An enormous part of my past does not exist without my husband. An enormous part of my present, too. I still feel somehow that things do not really happen to me unless I have told them to him. -- Anna Quindlen *



This is so strange. A whole week and no phone contact. If we do nothing else well, my husband and I talk. A lot. About everything (well, almost.) And he is gone for a week to a place with no cell reception. I am confident that I can reach him for an emergency, but I'm not feeling emergency-ish at all at this point. But, even so, I have things to tell him. The laundry room looks like it belongs to another family; the pristine look would (will) please him. I got through the list of things he asked me to take care of while he is gone; that's always nice for a person to know. I miss him.

As much as I write words of appreciation for my family, I can be a very ungrateful person. This week is good for me...to feel in a small way what others feel all the time. To lean on my God more and more.
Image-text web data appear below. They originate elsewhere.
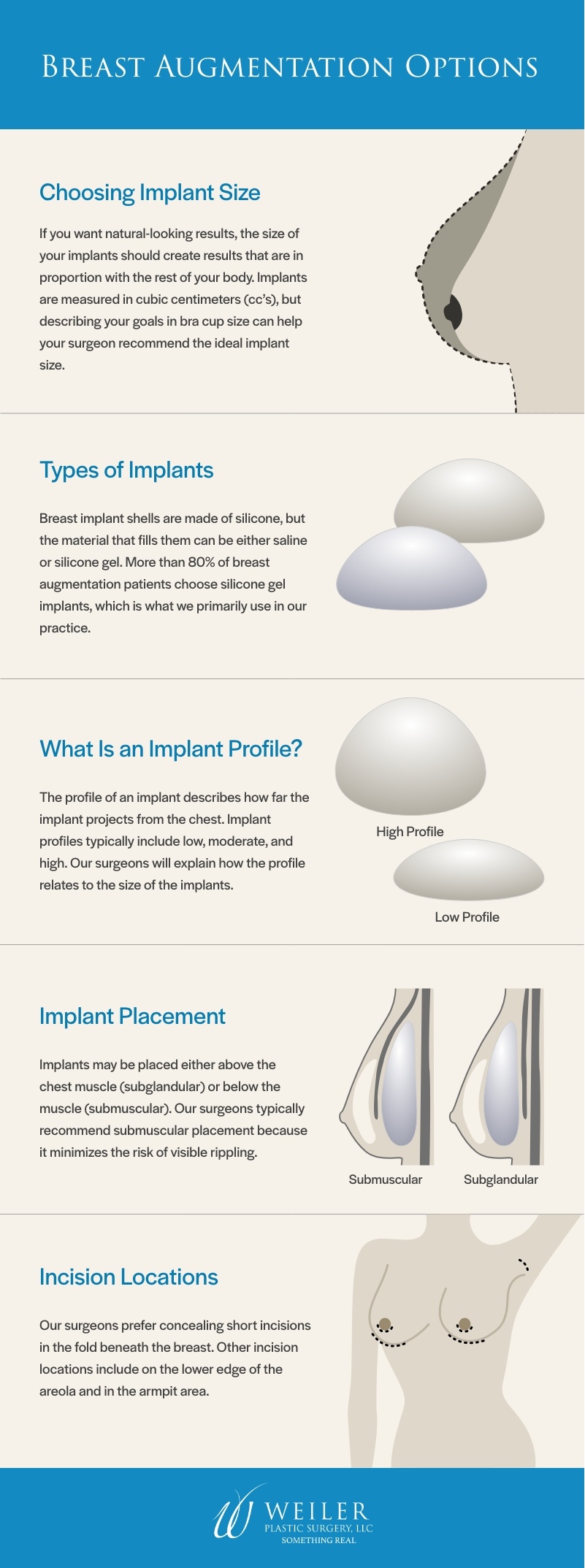 Breast Implant Options Instagraphic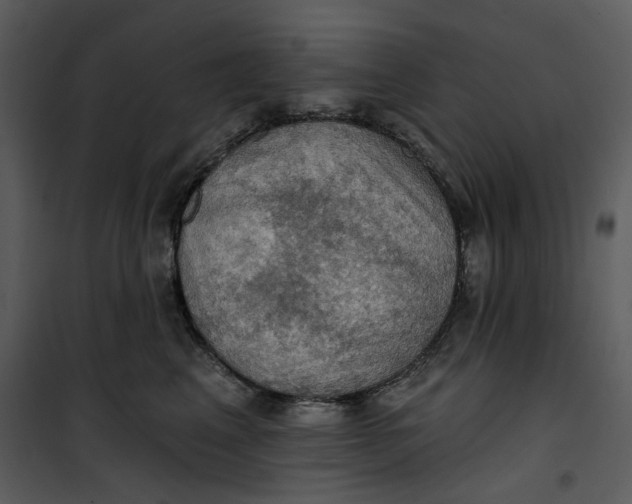 X0000101160617200807181400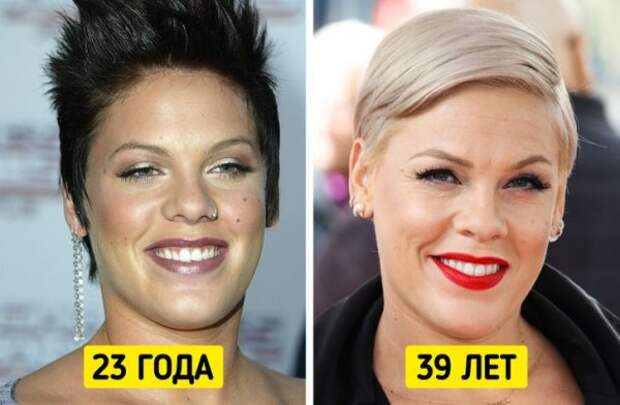 Знаменитые женщины, которые отказались от уколов красоты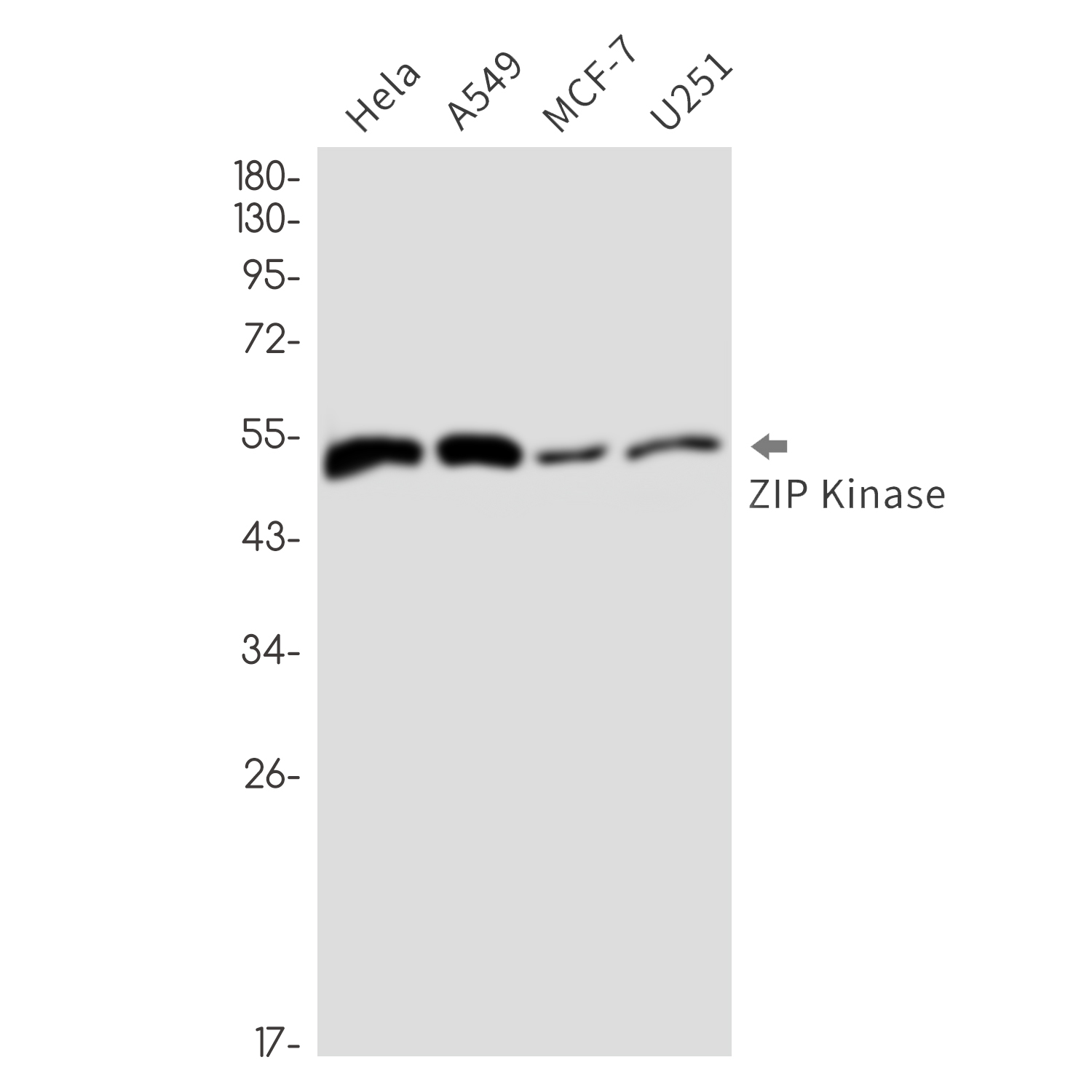 Rabbit Monoclonal Antibody to DAP kinase 3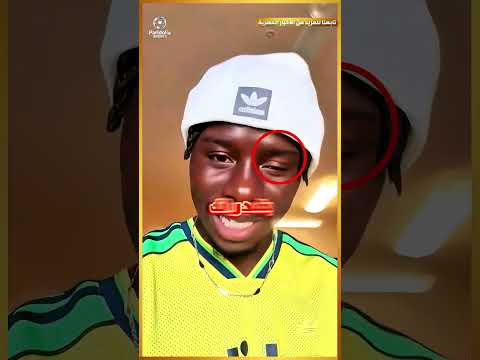 لاعب كرة قدم بعين واحده جورجي مينونغو لاعب منتخب بوركينا فاسو اجمل قصة ملهمة  باريدوليا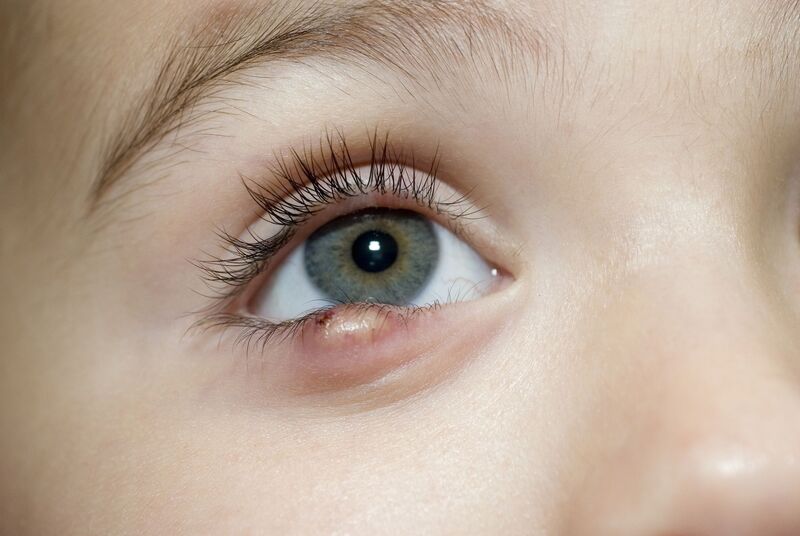 Chắp mắt có thể bội nhiễm nặng
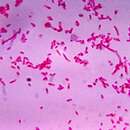 Image de Fusobacterium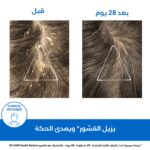 ⁦يورياج دي اس شامبو لعلاج قشرة الرأس الشديدة مع حمض اللاكتيك | خالٍ من الصابون 150 مل⁩ - الصورة ⁦4⁩
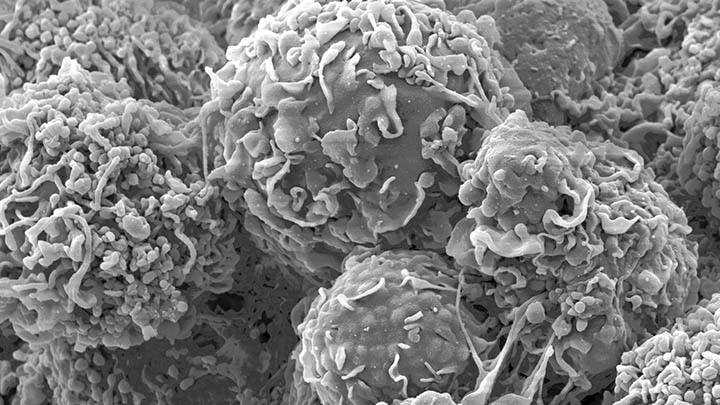 SEM image of human cells.
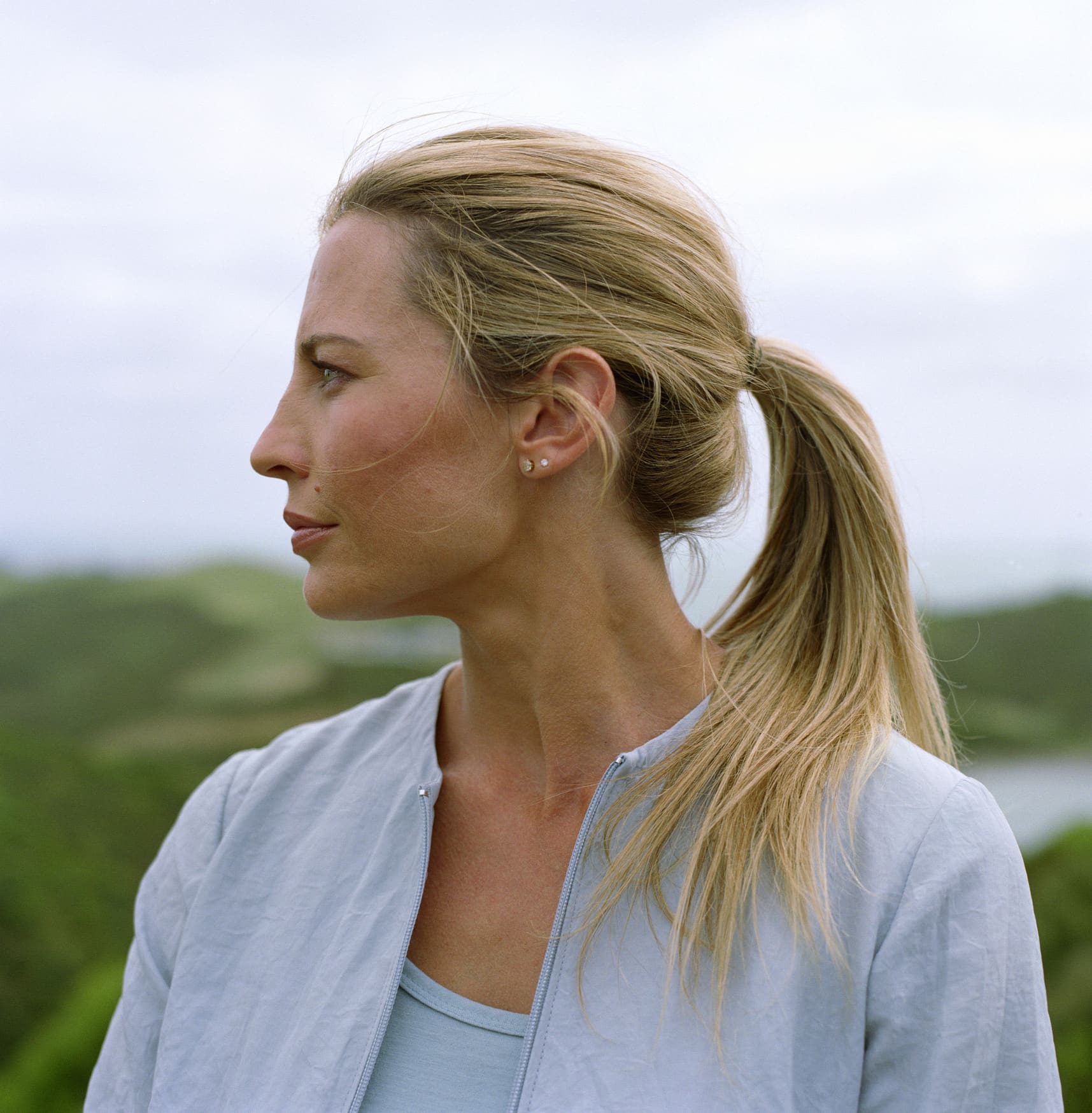 Woman outdoors, profile Rhinoplasty in West Palm Beach and Jupiter, FL
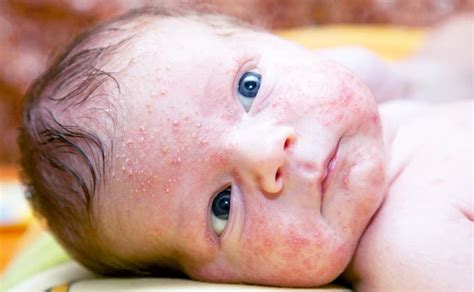 naujagimio odos bėrimai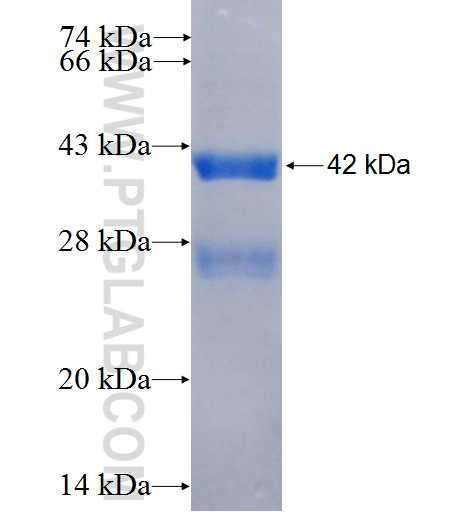 CHI3L2 fusion protein Ag26386 SDS-PAGE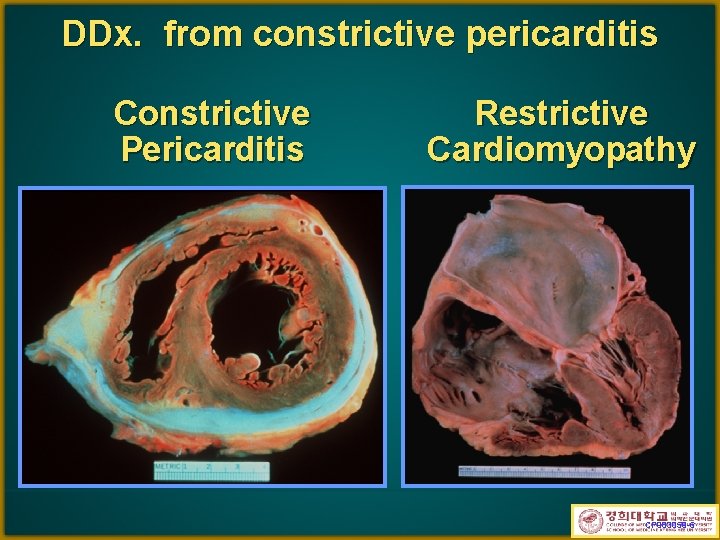 DDx. from constrictive pericarditis Constrictive Pericarditis Restrictive Cardiomyopathy CP 983059 -6 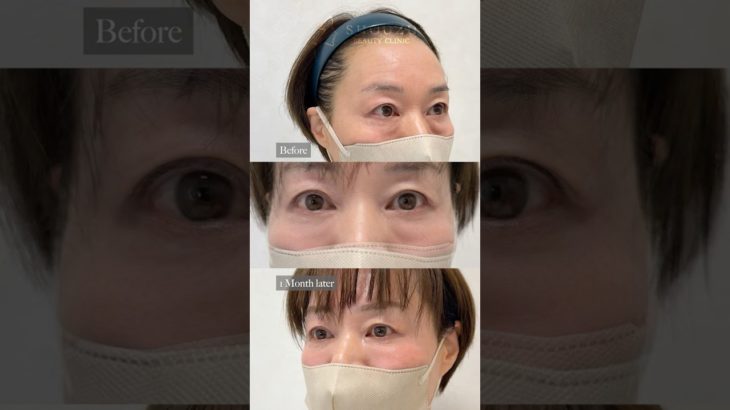 姫路でクマ取りするならショウズビューティクリニックへ🌟40代・50代・60代のお客様、増えています！ #shorts #美容クリニック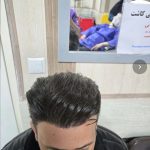 مرکز کاشت مو و ابرو رویال هیر اردبیل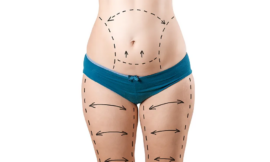 Is Liposuction in Dubai Suitable for Everyone Understanding Your Eligibility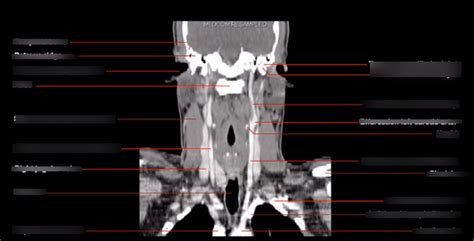 Anatomy Ct Pics Enhanced Neck Diagram Quizlet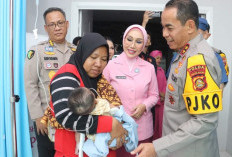 Prihatin Bayi Perempuan Lahir Tanpa Tempurung Kepala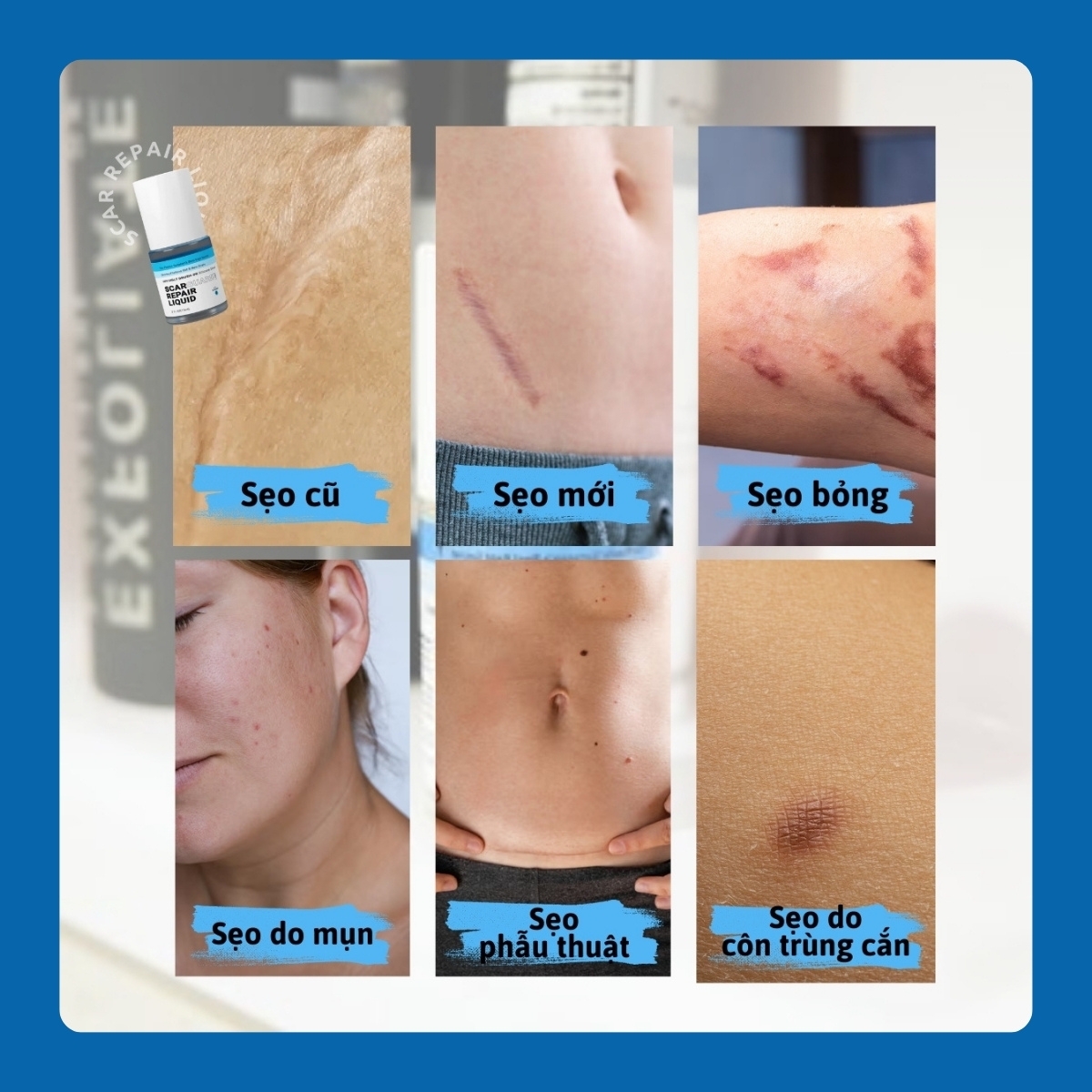 Gel Trị Sẹo Lồi Scarguard Repair Liquid 15ml (Scarguard MD)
And amidst it all, I talk to myself. I sing to myself. I write stories in my head. And I think of my menfolk at camp. I wonder how cold it is in the mountains this morning and what the sun looks like on the lake at dawn. I wonder what he thinks about as he drinks his coffee, feeling the glorious pleasure of the morning air . I hope his back is holding up on that camping cot, and that the week has been filled with adventures.

**********

At this point yesterday, I had to save my draft and leave. The children had a date to see a movie with friends, and I had a date in the "organizational solutions" section of a few stores. As I was driving down the road, the cell phone rang. IT WAS HIM! I got almost ten minutes of quick, "tell me everything" conversation. The most exciting piece of news was that our boys are working on the wilderness survival merit bagde; last night was the night for sleeping in the woods. They bring nothing except the clothes on their back, and they need to create a shelter from what they find and either sleep or just survive until dawn. As we were moving through the evening last night, my youngest called out, "Mom - it's 8:20. The boys have been in the woods for twenty minutes." I am sure if we had stayed awake past 10:00, I would have heard regular updates and questions. One thing we know for sure -- there are going to be stories of the most adventurous sort added to the family collection.

We'll make the most of the next two-and-a-half days, continuing our quest to bring order out of chaos, but the sound we are eager to hear is the phone call announcing, "They're home!"